Regulatory and Policy Environment
Continued emphasis on cost containment and value-based care will shape pricing. Policies favoring biosimilars and generics compress profit margins while expanding access.
Conclusion
The market for NDC 59746-0113 is characterized by robust demand within its therapeutic niche, with significant growth prospects driven by innovation and demographic trends. Prices are expected to trend downward over the next five years, primarily due to biosimilar competition and regulatory pressures.
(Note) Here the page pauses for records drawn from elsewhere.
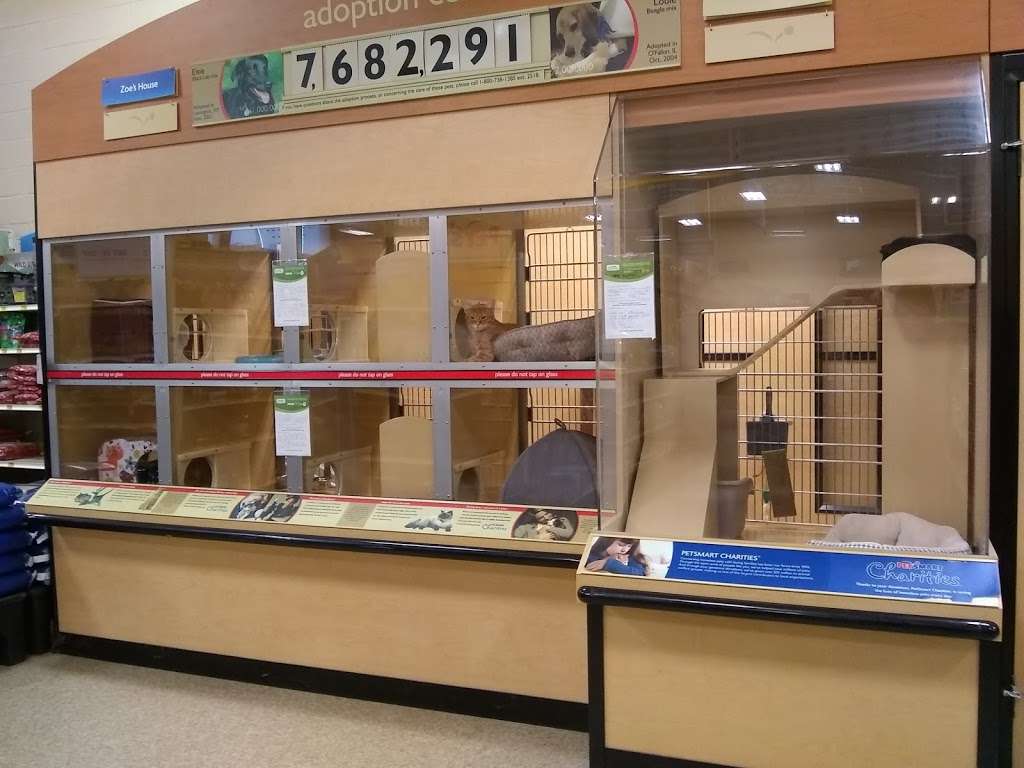 PetSmart | 4210 N 5th Street Hwy, Temple, PA 19560 | Phone: (610) 939-2620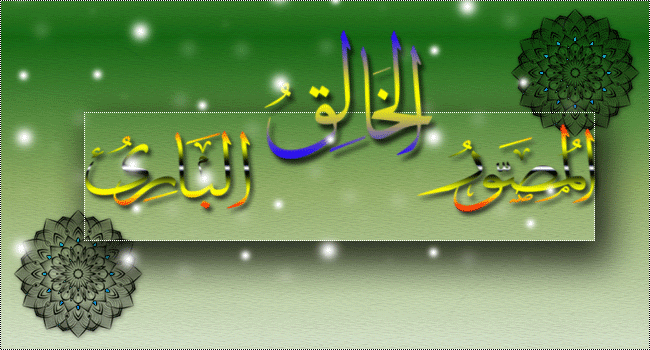 نقره لعرض الصورة في صفحة مستقلة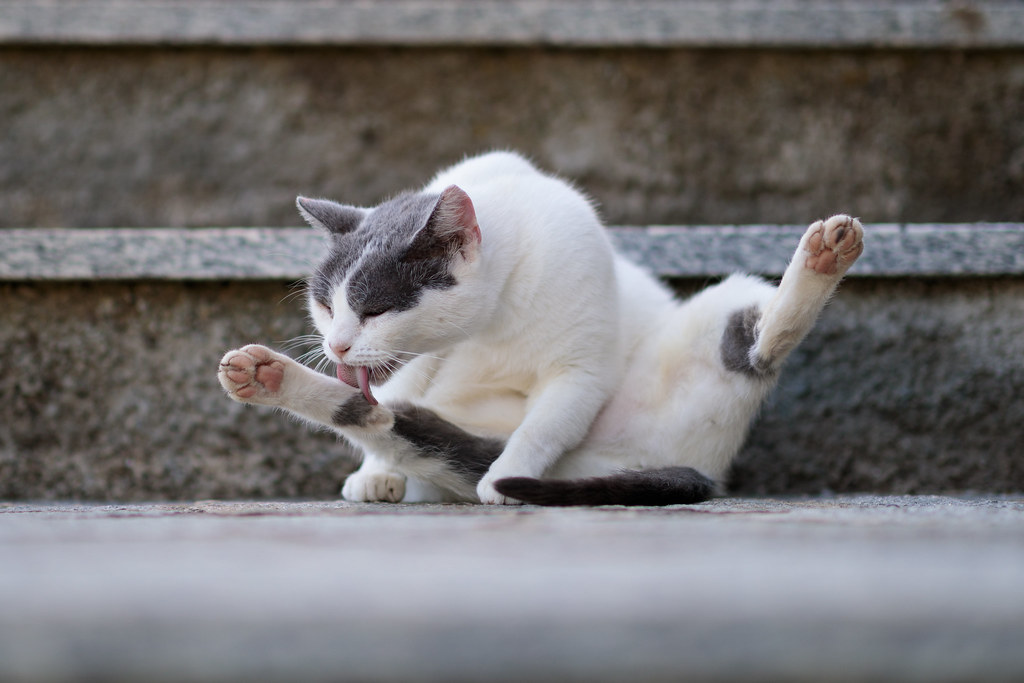 Landing Practice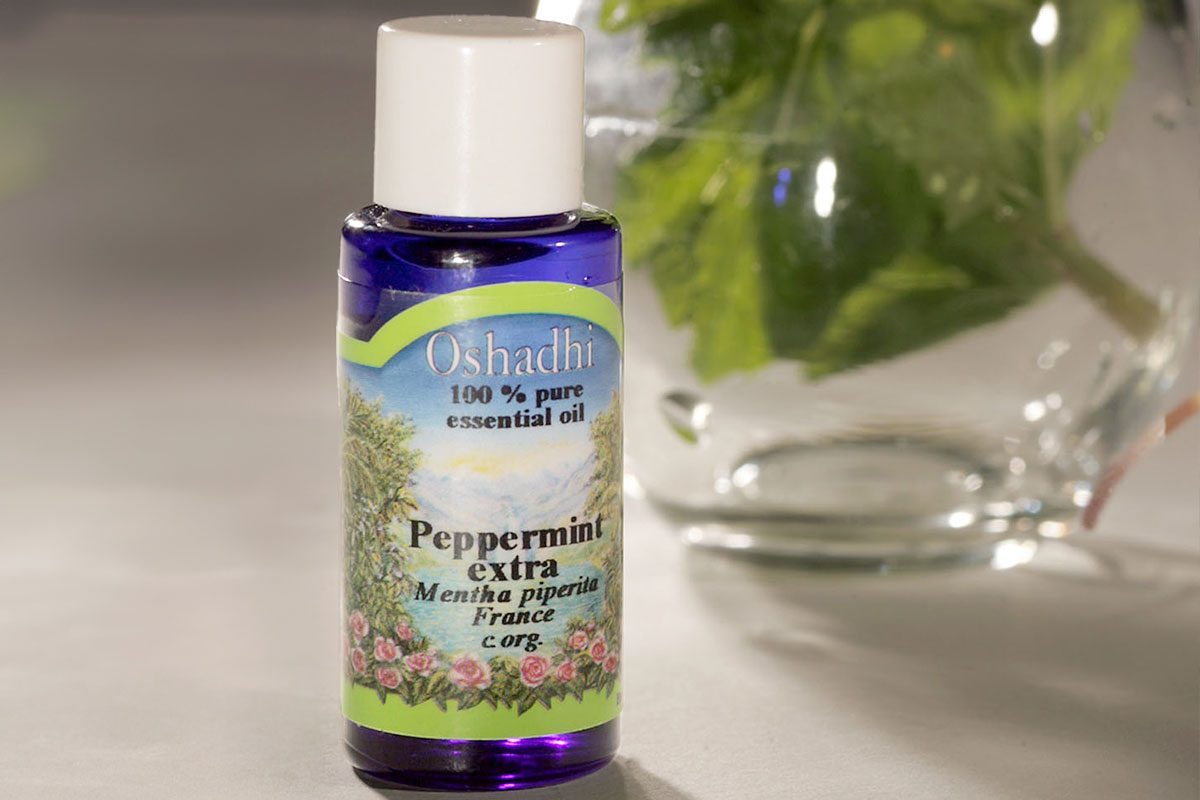 11 Best Ways to Protect Your Pantries From Pests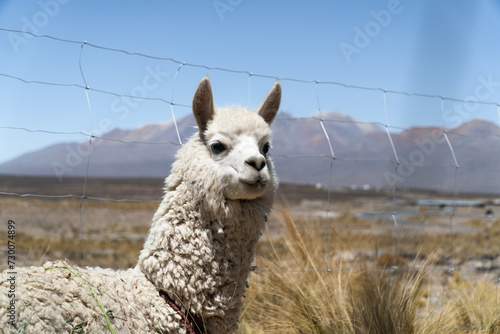 vicugna in andean landscape photo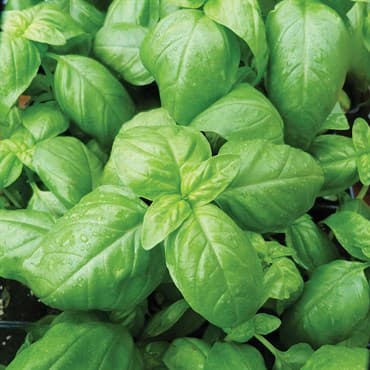 Basil, Sweet 1/2oz — photo 1 of 2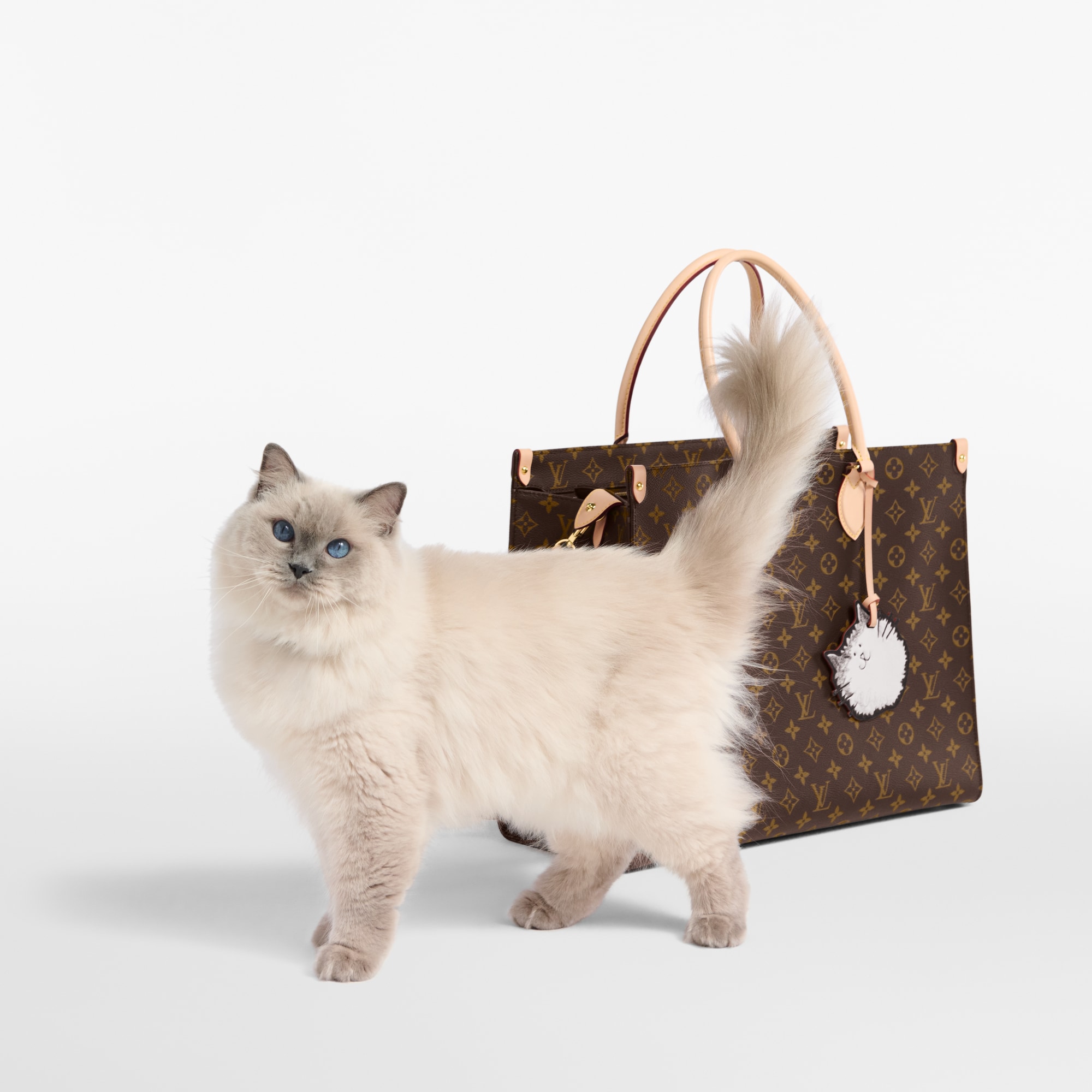 OnTheGo Cat Monogram in Women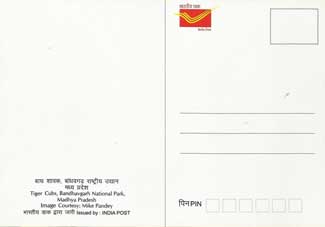 Tiger Cubs, Bandhavgarh National Park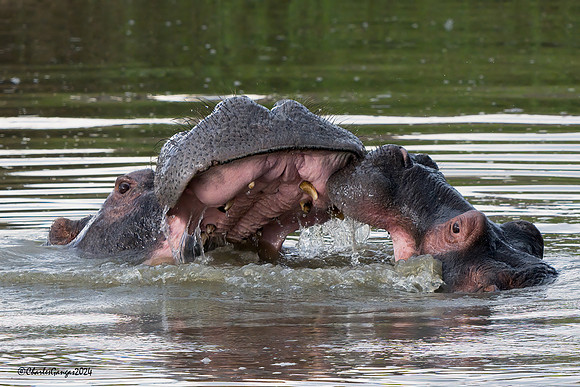Hippo Play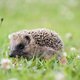 Rapport: stikstof, verdroging en versnippering bedreigen natuur, grootschalig herstel is noodzakelijk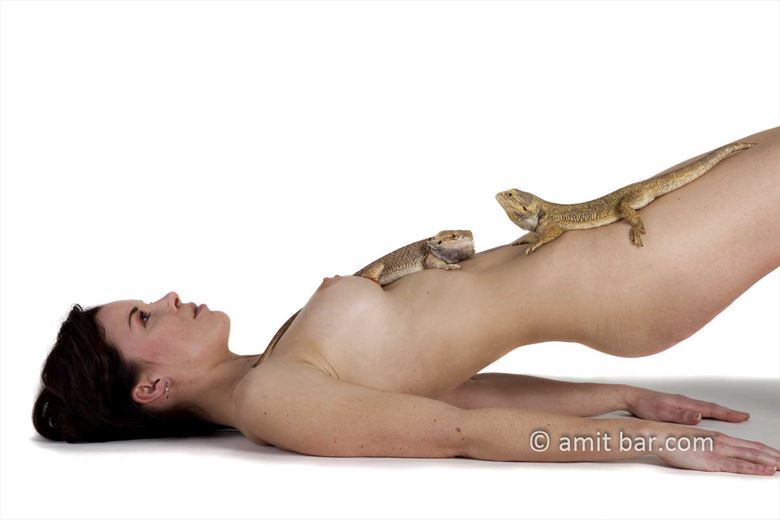 crested gecko i artistic nude photo by photographer bodypainter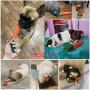 Pet Toys Pet Dog Gnawing Molars Toys Carrots Hand Woven Molars Cotton Rope Pet Supplies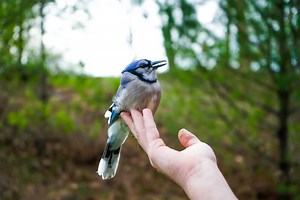 Are Blue Jays Friendly To Humans? [Habits Explained]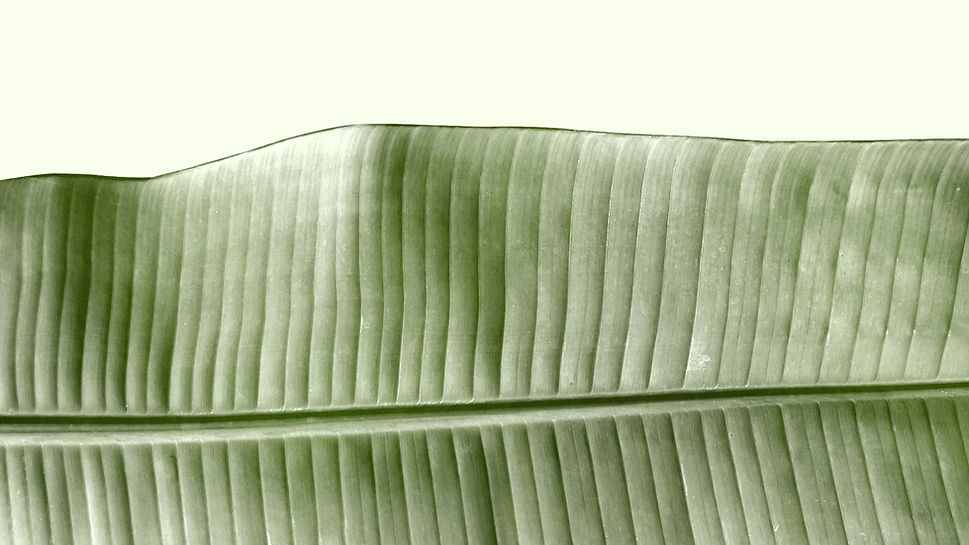 Leaf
Nonetheless, branded products with differentiated features or exclusive indications might maintain premium pricing levels.
Key Takeaways
- The market for drugs like NDC 59746-0113 is poised for growth, driven by increasing prevalence and innovative therapies.
- Initial commercial prices are high, reflecting manufacturing costs and market exclusivity factors.
- Biosimilar competition will likely reduce prices by 20-40% within 3-5 years.
- Policy shifts towards value-based pricing and reimbursement reforms will influence future pricing strategies.
- Strategic differentiation through indication expansion or formulation improvements can sustain higher prices.
FAQs
1. What is the typical price range for biologics similar to NDC 59746-0113?
Biologics in comparable therapeutic areas generally range from USD 10,000 to USD 30,000 per treatment course, depending on indication and dosage.
2. How will biosimilar entry affect the pricing of NDC 59746-0113?
Biosimilar competition is expected to reduce prices by approximately 15-30% over 3–5 years, impacting revenue and market share.
3. What factors could sustain higher pricing for NDC 59746-0113?
Unique indications, improved formulations, clinical superiority, and regulatory exclusivities can support premium pricing.
4. How do regulatory policies influence drug pricing?
Regulatory incentives, expedited approvals, and reimbursement frameworks directly impact the commercial viability and pricing strategies.
5. What strategies can manufacturers employ to maintain profitability amid price pressures?
Innovations, indication expansion, patient support programs, and strategic partnerships enhance value perception and mitigate price erosion.
Sources:
[1] Grand View Research. (2022). Cancer Drugs Market Size, Share & Trends Analysis Report.